Abe—as Dennis and the other children insisted on calling the boy, even
though he always disliked the nickname—left no words describing his sense of loss. His wound was too sensitive to touch. But many years later he wrote a letter of condolence to a bereaved child: “In this sad world of ours, sorrow comes to all; and, to the young, it comes with bitterest agony, because it takes them unawares.... I have had experience enough to know what I say.”

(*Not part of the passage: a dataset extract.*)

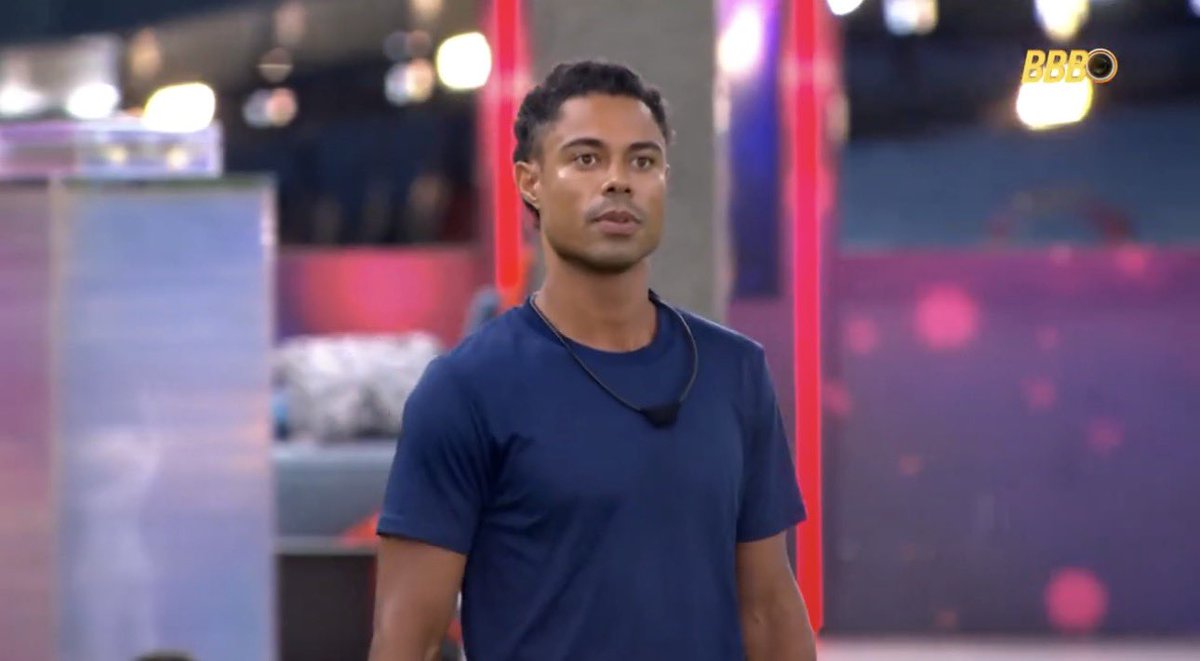 E o Breno do BBB que é a mistura do Bruno Henrique com o Renan Lodi kkkkkkkk
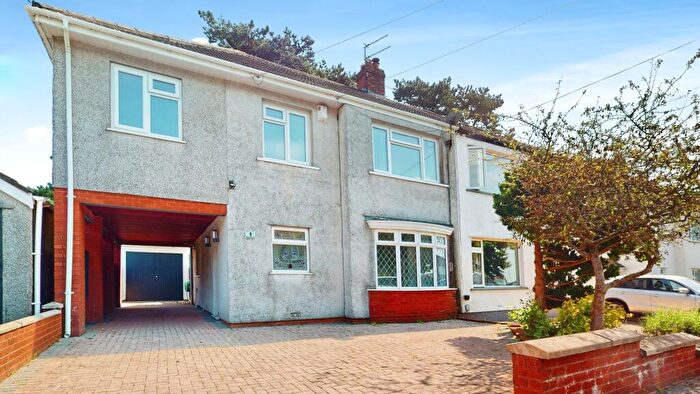 4 Bedroom Semi Detached House For Sale In Clos Fach, Rhiwbina, Cardiff, CF14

Deeper consequences of the loss of his mother before he was ten years old can only be a matter of speculation. It is tempting to trace his subsequent moodiness, his melancholy, and his occasional bouts of depression to this cause, but the connections are not clear and these patterns of behavior appear in persons who have never experienced such loss. Perhaps his mother’s death had something to do with his growing aversion to cruelty and bloodshed. Now he began to reprove other children in the neighborhood for senseless cruelty to animals. He scolded them when they caught terrapins and heaped hot coals on their shells, to force the defenseless animals out of their shells, reminding them “that an ant’s life was to it as sweet as ours to us.” Certainly the death of his mother, coming so soon after the deaths of other friends and neighbors, gave a gloomy cast to his memories of his Indiana home. In the 1840s, revisiting his old neighborhood, he recorded his thoughts in verse:

My childhood’s home I see again,

And sadden with the view;

And still, as mem’ries crowd my brain,

There’s pleasure in it too.

. . .

 

I range the fields with pensive tread,

And pace the hollow rooms,

And feel (companion of the dead)

I’m living in the tombs.

 
IV
 

Within a year of Nancy’s death, Thomas Lincoln recognized that he and his family could not go on alone, and he went back to Kentucky to seek a bride. In Elizabethtown he found Sarah Bush Johnston, whom he had perhaps unsuccessfully courted before he wed Nancy. She was the widow of the Hardin County jailer and mother of three small children. There was no time for a romantic engagement; he needed a wife and she needed a husband. They made a quick, businesslike arrangement for him to pay her debts and for her to pack up her belongings and move with him to Indiana.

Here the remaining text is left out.